The issue they report can cause (for example) handling an http post to consume horrible amounts of cpu. For Python the figures they quoted:
reasonable-sized attack strings only for 32 bits Plone has max. POST size of 1 MB 7 minutes of CPU usage for a 1 MB request ~20 kbits/s → keep one Core Duo core busy
This was apparently reported to the security list, but hasn't been responded to beyond an acknowledgement on November 24th (the original report didn't make it onto the security list because it was held in a moderation queue). The same vulnerability was reported against various languages and web frameworks, and is already fixed in some of them.
Their recommended fix is to randomize the hash function.
The attack relies on being able to predict the hash value for a given string. Randomising the string hash function is quite straightforward. There is no need to change the dictionary code.
A possible (*untested*) patch is attached. I'll leave it for those more familiar with unicodeobject.c to do properly.
The paper mentions that several web frameworks work around this by limiting the number of parameters per GET/POST/HEAD request.
This sounds like a better alternative than randomizing the hash function of strings.

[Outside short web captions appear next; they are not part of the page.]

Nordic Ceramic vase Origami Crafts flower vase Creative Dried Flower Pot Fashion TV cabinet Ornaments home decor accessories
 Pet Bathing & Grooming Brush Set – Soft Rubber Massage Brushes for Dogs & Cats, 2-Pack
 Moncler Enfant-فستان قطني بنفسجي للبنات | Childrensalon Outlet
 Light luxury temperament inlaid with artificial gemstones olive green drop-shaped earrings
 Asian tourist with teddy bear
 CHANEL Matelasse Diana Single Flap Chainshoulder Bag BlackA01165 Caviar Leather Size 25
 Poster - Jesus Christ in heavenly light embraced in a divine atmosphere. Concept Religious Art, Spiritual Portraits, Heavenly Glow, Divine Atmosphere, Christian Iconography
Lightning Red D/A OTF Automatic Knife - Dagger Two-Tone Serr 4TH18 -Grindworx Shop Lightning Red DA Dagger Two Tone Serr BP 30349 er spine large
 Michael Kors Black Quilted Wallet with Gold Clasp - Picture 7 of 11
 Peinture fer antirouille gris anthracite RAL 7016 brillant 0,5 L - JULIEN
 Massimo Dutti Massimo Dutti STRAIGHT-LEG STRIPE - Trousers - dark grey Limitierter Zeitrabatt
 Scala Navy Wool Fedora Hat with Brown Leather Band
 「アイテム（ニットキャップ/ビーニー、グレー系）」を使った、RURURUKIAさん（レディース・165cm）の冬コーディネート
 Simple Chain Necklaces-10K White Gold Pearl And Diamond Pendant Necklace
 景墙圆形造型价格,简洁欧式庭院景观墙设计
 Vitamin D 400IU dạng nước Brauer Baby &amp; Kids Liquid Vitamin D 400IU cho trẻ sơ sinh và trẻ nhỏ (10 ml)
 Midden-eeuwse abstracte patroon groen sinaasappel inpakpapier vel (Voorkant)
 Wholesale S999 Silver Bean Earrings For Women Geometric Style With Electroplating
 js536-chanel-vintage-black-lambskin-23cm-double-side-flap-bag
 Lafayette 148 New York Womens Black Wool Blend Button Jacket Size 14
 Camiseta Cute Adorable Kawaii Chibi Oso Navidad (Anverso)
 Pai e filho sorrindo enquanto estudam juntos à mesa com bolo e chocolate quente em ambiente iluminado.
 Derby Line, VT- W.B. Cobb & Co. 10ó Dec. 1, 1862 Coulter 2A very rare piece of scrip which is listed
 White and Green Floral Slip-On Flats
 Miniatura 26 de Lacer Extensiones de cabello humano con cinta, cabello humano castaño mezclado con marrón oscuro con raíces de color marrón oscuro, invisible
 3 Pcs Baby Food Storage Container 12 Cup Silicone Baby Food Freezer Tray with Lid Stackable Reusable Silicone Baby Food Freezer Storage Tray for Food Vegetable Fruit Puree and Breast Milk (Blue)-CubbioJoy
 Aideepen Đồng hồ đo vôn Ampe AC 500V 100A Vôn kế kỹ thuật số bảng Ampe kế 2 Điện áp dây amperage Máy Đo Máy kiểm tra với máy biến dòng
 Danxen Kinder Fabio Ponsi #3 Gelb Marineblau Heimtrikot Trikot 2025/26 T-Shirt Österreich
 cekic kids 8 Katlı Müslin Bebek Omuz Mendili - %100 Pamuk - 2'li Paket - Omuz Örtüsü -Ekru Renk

Uncontrollable randomization has issues when you work with multi-process setups, since the processes would each use different hash values for identical strings. Putting the base_hash value under application control could be done to solve this problem, making sure that all processes use the same random base value.
BTW: Since your randomization trick uses the current time, it would also be rather easy to tune an attack to find the currently used base_hash. To make this safe, you'd have to use a more random source for initializing the base_hash.
Note that the same hash collision attack can be used for other key types as well, e.g. integers (where it's very easy to find hash collisions), so this kind of randomization would have to be applied to other basic types too.